The announcement Friday morning (AEST) reignited investor fears of a global trade war as Washington’s allies took steps to retaliate against American goods.
The move, announced by US Commerce Secretary Wilbur Ross in a telephone briefing, ended months of uncertainty about potential tariff exemptions and suggested a hardening of the Trump administration’s approach to trade negotiations.
A 25 per cent tariff on steel imports and 10 per cent tariff on aluminium imports will be imposed on the EU, Canada and Mexico starting at midnight local time, Mr Ross told reporters.
“We look forward to continued negotiations, both with Canada and Mexico on the one hand, and with the European Commission on the other hand, because there are other issues that we also need to get resolved,” he said.
Australia is exempt from the tariffs after Prime Minister Malcolm Turnbull secured a deal to avoid the US trade measures in March.
Canada and Mexico, embroiled in talks with the US to modernise the North American Free Trade Agreement, responded swiftly.
Canada, the largest supplier of steel to the US, will impose retaliatory tariffs covering $C16.6 billion in imports from the U, including whiskey, orange juice, steel, aluminium and other products, Canadian Foreign Minister Chrystia Freeland said.
Ottawa will also challenge the tariffs under NAFTA and World Trade Organisation rules, she said.
Mexico announced what it described as “equivalent” measures on a wide range of US farm and industrial products.
The measures, which target pork legs, apples, grapes and cheese as well as steel and other products, will be in place until the US government eliminates its tariffs, Mexico’s economy ministry said.
The EU has threatened tariffs on Harley-Davidson motorcycles and bourbon, measures aimed at the political bases of US Republican legislators.
“This (US) measure brings the danger of a spiral of escalation, which in the end harms everyone,” German government spokesman Steffen Seibert said in a statement, adding that Germany would continue to push for free trade and open markets.
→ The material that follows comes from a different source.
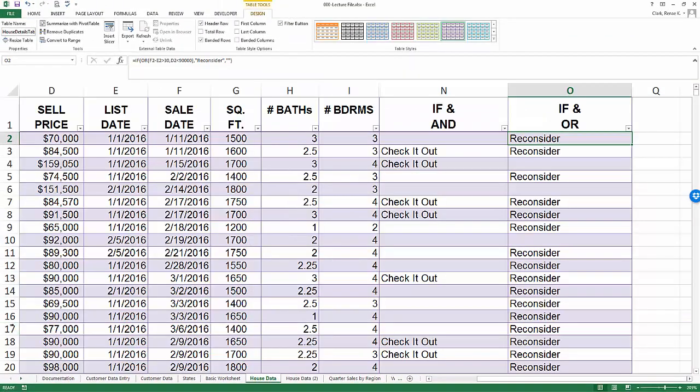I'm back on the house data worksheet but I've changed the view a little bit by moving things over and turning off formula view. Here I am in O2.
EU members have given broad support to a European Commission plan to set duties on 2.8 billion euros ($A4.3.billion) of US exports if Washington ends the tariff exemption. EU exports potentially subject to US duties are worth 6.4 billion euros.
“It’s entirely up to US authorities whether they want to enter into a trade conflict with their biggest partner, Europe,” France’s Finance Minister Bruno Le Maire said after meeting with Ross on Thursday.
US President Donald Trump announced the tariffs in March as part of an effort to protect US industry and workers from what he described as unfair international competition, a key theme of his “America First” agenda.
Temporary exemptions were granted to a number of nations and permanent ones to several countries including Australia, Argentina and South Korea. US trading partners had demanded that the exemptions be extended or made permanent.
The tariffs are aimed at allowing the US steel and aluminium industries to increase their capacity utilisation rates above 80 per cent for the first time in years.
The US administration also launched a national security investigation last week into car and truck imports, using the same 1962 law it has applied to curb incoming steel and aluminium.